REAP Cataloging and Searching

Summary

To extend the existing metacat-based search system that Kepler uses so that it can be used to find DAP servers, we will:

Use the AIS capabilities and Aggregation to be developed for Hyrax 1.6 and/or already present in TDS to add specific information to the Ocean Use Case data sets.
Build a module that can transform the DDX returned by these servers into an EML document
Store those EML documents in an instance of Metacat that Kelper can serach
Modify Kepler to search over EML that contains a <spatialRaster> element.

Related designs/projects

See also a page that documents the Current state of the THREDDS Crawler on which this depends.

Use Cases

Setup the catalog infrastructure

Add information about a data set to the catalog

Background information

Sample EML for CZCS data

Parts of an EML document that must be built:

Title
Optional: Abstract
Creator
KeywordSet
Contact
For Ocean Use-Case data sets: SpatialRaster

Regarding the origin of the SpatialRaster element in EML

The SpatialRaster element in EML has it's origin in the FGDC CSDGM (Content Standard for Digital Geospatial Metadata). However, it has a close relative in the ISO 19115 standard and XSLT can be used to transform between the EML, FGDC/CSDGM and ISO 19115 elements (or 'elements' in the case of a Content Standard).

The vector metadata information in EML is based on ISO 19115.

Search the catalog

Needs significant work

Definitions

Background

For systems like the ones which use DAP the biggest data location problems are getting valid metdata that is sufficiently uniform and making a smooth transition from the initial process of location to the selection of individual parts of a chosen data set.

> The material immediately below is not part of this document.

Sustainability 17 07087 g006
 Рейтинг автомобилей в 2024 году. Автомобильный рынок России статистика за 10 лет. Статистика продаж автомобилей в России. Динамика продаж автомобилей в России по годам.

The problem of heterogeneous configuration

The first problem is the really the problem of finding data sets in the vernacular sense of finding and data set while the second is the problem of taking a number of ad hoc heterogeneous storage and organizational configurations and mapping them into a (mostly) uniform access mechanism. While both problems present a significant challenge, the second can be effectively addressed by aggregating the discrete elements of the actual data set's configuration (e.g., 20,000 images in a file system where different years and months are each in nested directories) into a single logical entity so that the different discrete parts are accessed in one operation. An example will make this clearer: Imagine the collection of 20,000 images stores data in directories named 1999, 2000, ... and within each of those there are sub-directories named 01, 02, ..., 12 and within those there are files named following the pattern YYYYMMDDD where DDD is the day number. Lets also assume that this data set is served by Hyrax and thus each of these files can be accessed by a single URL. If a person wants to read data from the fourteen files from Jan 25th to Feb 7th, they have to know this structure and apply it to the data set to figure out which URLs to use with their client, then get the data from the URLs and probably assemble it into a three dimensional data structure. If all collections were organized like this, clients could be built to perform those operations and the problem would be solved. But the variability among data set storage patterns is actually very high - a handful of data sets are stored as described by this example, but most are stored in other ways and there are enough of those 'other ways', and new 'other ways' keep emerging every day, to make customizing clients impracticable.

A solution is to aggregate the different URLs into a single three-dimensional data object and provide a data server than can operate on it without revealing its true composition. In this scenario, the person who wants data from the Jan 25th to Feb 7th asks for it by accessing the data set using the uniform data access operations supported by every data server within the system. For 100 different data sets made up of images taken over time, each can represented as a single three-dimensional data set and each can be accessed using the same operators (and thus operations) even though they are actually stored using 100 different configurations of files and databases. This is how the process of aggregation can be used to solve the data location problems that arise from heterogeneous configurations of data sets.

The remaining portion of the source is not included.